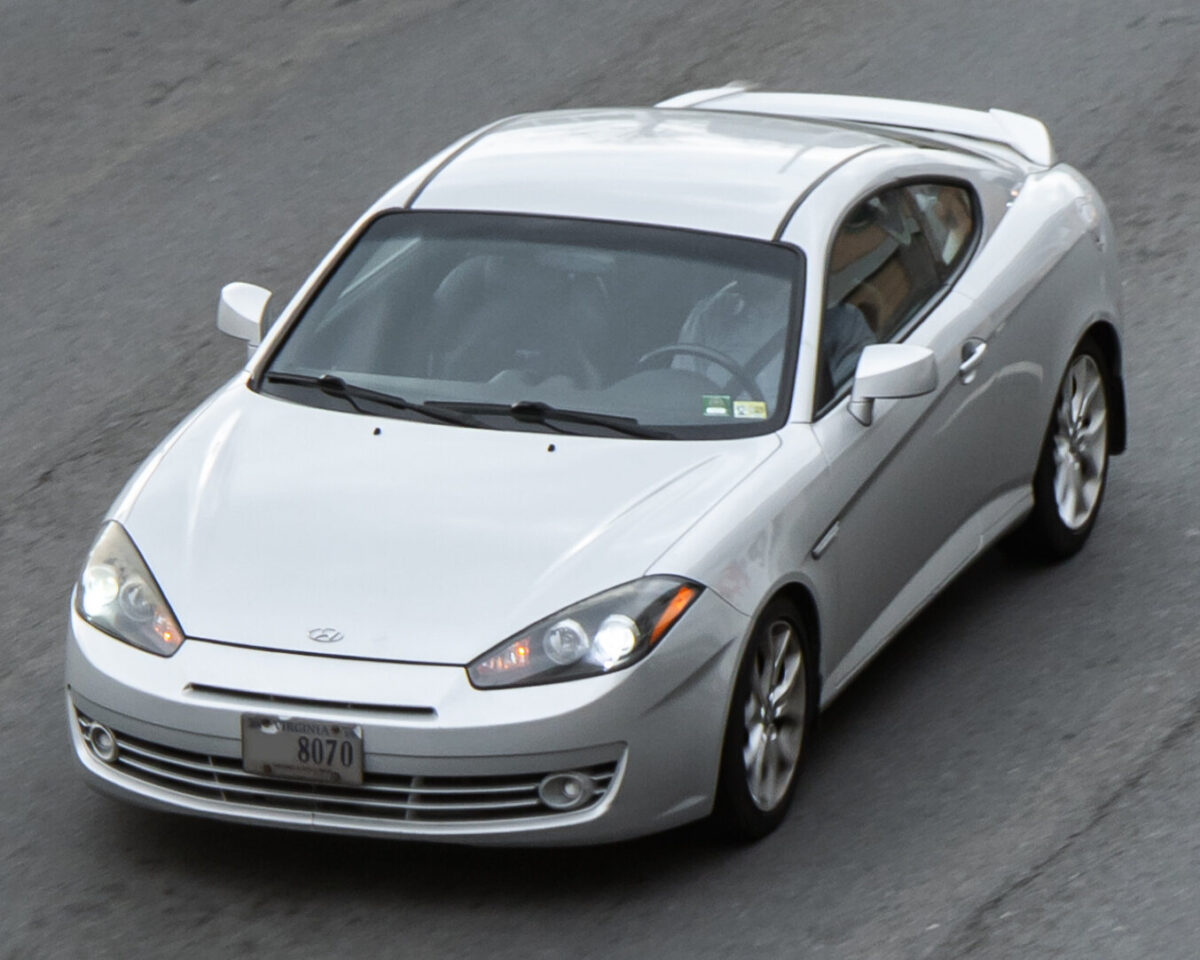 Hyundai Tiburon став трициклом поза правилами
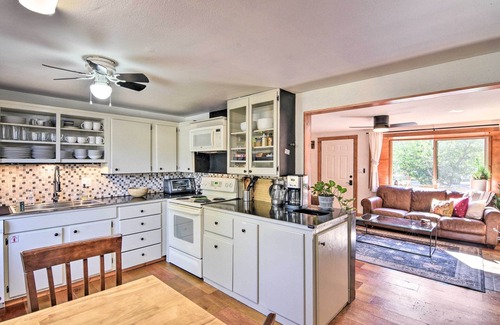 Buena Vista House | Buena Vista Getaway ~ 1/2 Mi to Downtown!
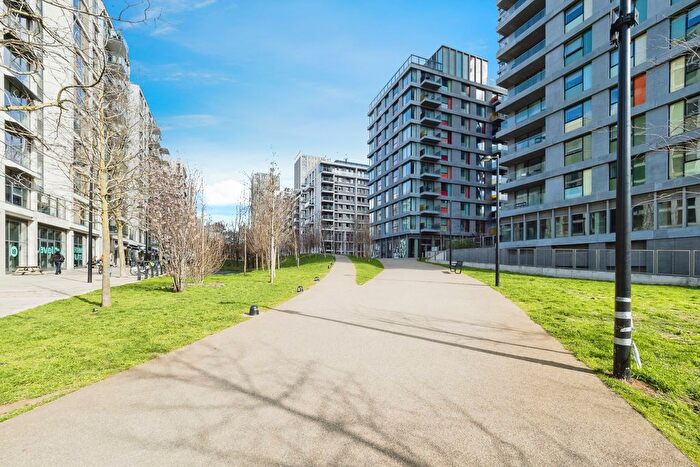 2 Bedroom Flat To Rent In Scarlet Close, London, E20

^^^^^^^^^^^^^^^^

▶ Task statement: Print all the lines above again exactly, without any pictures.

▶ Answer to this problem:
 Hyundai Tiburon став трициклом поза правилами
 Buena Vista House | Buena Vista Getaway ~ 1/2 Mi to Downtown!
 2 Bedroom Flat To Rent In Scarlet Close, London, E20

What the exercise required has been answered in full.